O que eu procuro atingir, portanto, é se não a verdade do mundo, a verdade de meu mundo, afinal inapreensível em sua totalidade, mas mesmo assim, ou por isso mesmo, tentador e belo, com seu sol luminoso e selvagem, tão selvagem que não podemos vê-lo. Procuro me aproximar dele com as histórias, os mitos, os personagens, as cabras, as pedras, o planalto seco e frio de minha região parda, pedregosa e empoeirada. Esta visão ardente — grosseira e harmoniosa, ao mesmo tempo — é o cerne para onde se dirige meu trabalho de escritor. Admito, a exemplo do que acontece com o público e com a arte popular de minha região — o mamulengo, o romanceiro —, a mentira geral do teatro para que isso me possibilite comunicar aos outros, na medida de minhas forças, a substância deste mundo. Nunca o teatro conseguirá reproduzir a vida, que se reinventa a cada instante. Assim, sem exageros que acabem a ilusão consentida do público, é melhor não apelar para as muletas do verismo nem esconder as traves da arquitetura teatral — sejam as do autor, as do encenador ou as dos atores, pois todos nós temos as nossas; assim o público, vendo que não pretendemos enganá-lo, que não queremos competir com a vida, aceita nossos andaimes de papel, madeira e cola e pode, graças a essa generosidade, participar de nossa maravilhosa realidade transfigurada. A vida e o mundo são os motivos, que aparecem transfigurados, no teatro. Meu teatro procura se aproximar da parte do mundo que me foi dada; um mundo de sol e de poeira, como o que conheci em minha infância, com atores ambulantes ou bonecos de mamulengo representando gente comum e às vezes representando atores, com cangaceiros, santos, poderosos, assassinos, ladrões, palhaços, prostitutas, juízes, avarentos, luxuriosos,  medíocres, homens e mulheres de bem — enfim, um mundo de que não estejam ausentes — se não no teatro, que não é disso, mas na poesia ou na novela — nem mesmo os seres da vida mais humilde, as pastagens, o gado, as pedras, todo este conjunto de que o sertão está povoado.

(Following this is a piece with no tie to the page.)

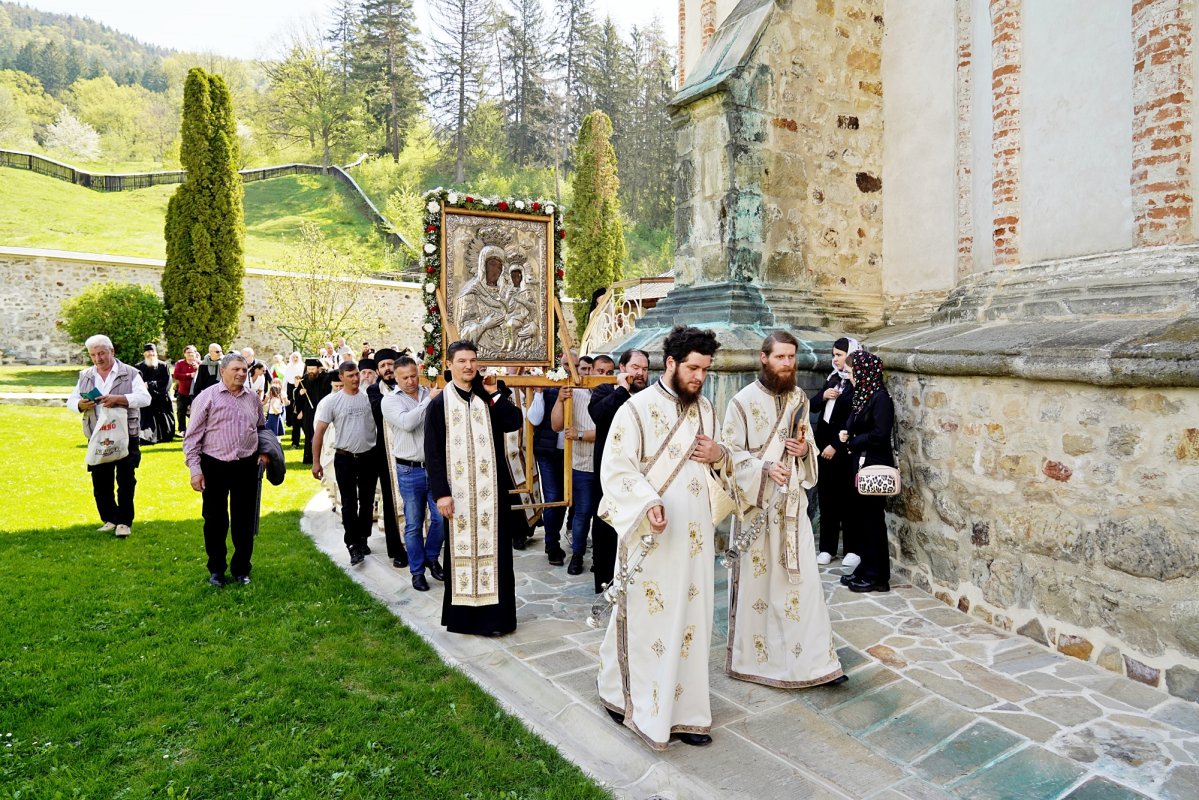 Hramul Mănăstirii Bistrița 329853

Isto é o que venho procurando fazer. Sei que é um plano ambicioso, mas não posso estar pensando nisso, nem em se venho ou não conseguindo pô-lo em prática: terminaria ficando desesperado.
Assim, tendo dito o que quis fazer, entrego a peça aos leitores: que eles a julguem novamente, como já aconteceu com o público que a viu no palco. E, se o que disse aqui contribuiu para um maior entendimento entre nós, dou-me por satisfeito.


Ariano Suassuna - do início do livro "O Santo e a Porca" de 1964.